Canary Islands cuisine is characterised by fusion, the combining of ingredients with a pronounced contrast in flavours, the fruit of excellent, quality ingredients and products. After a long day at the beach, exploring nature spaces or having a pleasant walk through pretty towns, there’s nothing better than enjoying the delicacies of island gastronomy. Canary Islanders believe that their food is part of their identity, of vital importance in their culture and in their daily lives. With that in mind, it’s easy to find a good place to eat.
Flavours with designation of origin
The volcanic origins of the islands, their mild temperatures and meticulous traditional production methods mean that many of the star products of the gastronomy have a protected designation of origin (PDO). These include excellent volcanic wines, and cheeses such as the ‘majorero’ cheese from Fuerteventura, ‘palmero’ and ‘Flor de Guía’ made in Gran Canaria. All world-renowned for their excellent flavour.

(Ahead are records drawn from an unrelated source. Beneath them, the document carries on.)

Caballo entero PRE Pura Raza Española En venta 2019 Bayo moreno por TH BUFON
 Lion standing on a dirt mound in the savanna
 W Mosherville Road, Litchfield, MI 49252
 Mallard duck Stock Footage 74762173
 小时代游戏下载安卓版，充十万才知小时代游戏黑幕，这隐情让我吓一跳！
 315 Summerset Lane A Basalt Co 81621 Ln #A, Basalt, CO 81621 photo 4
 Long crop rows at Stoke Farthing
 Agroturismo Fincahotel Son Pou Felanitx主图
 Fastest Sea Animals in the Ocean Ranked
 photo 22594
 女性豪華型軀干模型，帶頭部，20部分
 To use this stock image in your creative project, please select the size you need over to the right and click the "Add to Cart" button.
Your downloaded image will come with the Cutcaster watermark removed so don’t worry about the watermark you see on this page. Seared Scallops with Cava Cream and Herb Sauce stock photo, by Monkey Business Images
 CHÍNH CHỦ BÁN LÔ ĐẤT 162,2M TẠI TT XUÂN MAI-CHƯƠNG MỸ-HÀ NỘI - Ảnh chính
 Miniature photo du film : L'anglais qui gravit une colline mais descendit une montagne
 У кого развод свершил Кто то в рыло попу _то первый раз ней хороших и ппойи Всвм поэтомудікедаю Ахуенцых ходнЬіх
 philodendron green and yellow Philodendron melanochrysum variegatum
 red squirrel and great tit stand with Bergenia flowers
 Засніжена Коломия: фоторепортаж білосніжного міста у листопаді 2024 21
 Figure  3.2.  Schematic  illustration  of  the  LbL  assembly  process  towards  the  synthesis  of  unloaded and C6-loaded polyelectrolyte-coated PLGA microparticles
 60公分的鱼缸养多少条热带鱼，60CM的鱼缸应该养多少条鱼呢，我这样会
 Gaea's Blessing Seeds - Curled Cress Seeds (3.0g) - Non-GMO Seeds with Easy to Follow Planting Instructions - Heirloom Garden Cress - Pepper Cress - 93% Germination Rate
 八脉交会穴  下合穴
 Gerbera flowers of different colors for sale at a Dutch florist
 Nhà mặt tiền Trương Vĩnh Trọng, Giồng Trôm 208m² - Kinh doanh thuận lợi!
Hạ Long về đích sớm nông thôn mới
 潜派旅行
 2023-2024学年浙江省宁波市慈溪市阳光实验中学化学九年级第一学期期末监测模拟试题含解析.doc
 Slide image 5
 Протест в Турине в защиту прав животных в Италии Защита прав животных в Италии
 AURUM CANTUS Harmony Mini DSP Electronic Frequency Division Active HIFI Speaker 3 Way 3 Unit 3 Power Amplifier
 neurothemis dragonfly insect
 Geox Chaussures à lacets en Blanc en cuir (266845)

The magnificent weather conditions in the Canary Islands Archipelago are perfect for growing fruit and vegetables, the main ingredients of most local dishes and also protected by designations of origin. A clear example are ‘papas antiguas de Canarias’ (Canary Islands ‘old’ potatoes), including the much-loved ‘papa negra’ (black potato). The mild Canary Islands climate also means that lots of fruits can be grown, such as the papaya, mango, pineapple, avocado and, of course, the popular Canary Islands banana. This is the only type of banana to have a European protected geographical indication (PGI).
A great diversity of cultures have left their mark on the islands. And that has given rise to fabulous flavours and contrasts that can be appreciated in most of the typical dishes, such as the appetising wrinkly potatoes with ‘mojo picón’ spicy sauce. Another of the star products in the Canary Islands and also an ingredient in many recipes is ‘gofio’. Made from toasted cereals, such as corn and wheat, it dates back to the times of the first settlers.
Canary Islands gastronomy makes extensive use of local vegetables, such as in the watercress stew, corn on the cob with potatoes and ribs, or stuffed courgettes. Another top product in island recipes is fish, especially dishes made with endemic species such as the parrotfish, with its delicate flavour, wreckfish, grouper or Atlantic horse mackerel. There are also a broad variety of desserts and cakes, irresistible for the sweet-toothed. The delicious ‘bienmesabes’ and ‘Príncipe Albertos’ from La Palma, ‘leche asada’ from La Gomera, and ‘quesillos’, ‘frangollos’ and ‘quesadillas’ from El Hierro.
Restaurants and guachinches
In the Canary Islands, there are lots of different kinds of places to have the best local dishes. From beach bars by the sea where you can eat the best seafood to Michelin-star restaurants where you can discover sophisticated, new flavours.
And, of course, we mustn’t forget those little places with special charm that serve the most traditional, typical food: guachinches, small restaurants set up on patios and in garages, especially usual in Tenerife, where homemade food is washed down with local wines in a nice, friendly atmosphere. Somewhere you will be treated as just another islander as you savour a good Canary Islands casserole, roast kid, rabbit in ‘salmorejo’ (cold tomato paste) or chickpeas.
Reds, whites, rosés. Full-bodied, fruity or highly aromatic… Talking about wine in the Canary Islands is talking about tradition and a love of the land. Wine-making on the islands is not only varied, but it is very high quality, which is reflected in the ten designations of origin in the archipelago—five of them on the island of Tenerife alone—and the numerous awards they win every year.
The volcanic wines stand out from the rest. Complex to make and ever more appreciated by experts around the world, they are acidic and fruity on the palate. Among them, it is worth singling out the wines from La Geria in Lanzarote, a unique vineyard where the vines grow over a layer of little fragments of volcanic rock that retain humidity, a uniqueness that combines with other factors to lend an unmistakeable range of nuances to these magnificent wines.